→ **WORK ORDER**:
Transcribe the records in their entirety, exactly as given.

→ **GIVEN RECORDS**:
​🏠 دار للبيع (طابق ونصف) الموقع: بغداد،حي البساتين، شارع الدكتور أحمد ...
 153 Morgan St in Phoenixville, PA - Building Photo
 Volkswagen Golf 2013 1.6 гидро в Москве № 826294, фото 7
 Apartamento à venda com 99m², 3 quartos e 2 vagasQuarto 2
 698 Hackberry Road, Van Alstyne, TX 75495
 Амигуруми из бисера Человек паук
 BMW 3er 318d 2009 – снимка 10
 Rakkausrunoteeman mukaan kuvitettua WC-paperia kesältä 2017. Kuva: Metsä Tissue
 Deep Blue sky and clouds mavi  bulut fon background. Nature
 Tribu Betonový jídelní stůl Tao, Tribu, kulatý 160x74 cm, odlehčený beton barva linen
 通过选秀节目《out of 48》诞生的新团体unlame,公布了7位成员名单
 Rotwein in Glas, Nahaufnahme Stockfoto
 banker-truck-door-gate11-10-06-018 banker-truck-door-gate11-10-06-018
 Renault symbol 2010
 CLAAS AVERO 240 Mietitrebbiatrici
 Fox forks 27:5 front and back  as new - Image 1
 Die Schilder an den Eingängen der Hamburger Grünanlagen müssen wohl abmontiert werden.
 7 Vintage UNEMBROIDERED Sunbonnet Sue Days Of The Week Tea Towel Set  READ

→ **RESPONSE AREA**:
​🏠 دار للبيع (طابق ونصف) الموقع: بغداد،حي البساتين، شارع الدكتور أحمد ...
 153 Morgan St in Phoenixville, PA - Building Photo
 Volkswagen Golf 2013 1.6 гидро в Москве № 826294, фото 7
 Apartamento à venda com 99m², 3 quartos e 2 vagasQuarto 2
 698 Hackberry Road, Van Alstyne, TX 75495
 Амигуруми из бисера Человек паук
 BMW 3er 318d 2009 – снимка 10
 Rakkausrunoteeman mukaan kuvitettua WC-paperia kesältä 2017. Kuva: Metsä Tissue
 Deep Blue sky and clouds mavi  bulut fon background. Nature
 Tribu Betonový jídelní stůl Tao, Tribu, kulatý 160x74 cm, odlehčený beton barva linen
 通过选秀节目《out of 48》诞生的新团体unlame,公布了7位成员名单
 Rotwein in Glas, Nahaufnahme Stockfoto
 banker-truck-door-gate11-10-06-018 banker-truck-door-gate11-10-06-018
 Renault symbol 2010
 CLAAS AVERO 240 Mietitrebbiatrici
 Fox forks 27:5 front and back  as new - Image 1
 Die Schilder an den Eingängen der Hamburger Grünanlagen müssen wohl abmontiert werden.
 7 Vintage UNEMBROIDERED Sunbonnet Sue Days Of The Week Tea Towel Set  READ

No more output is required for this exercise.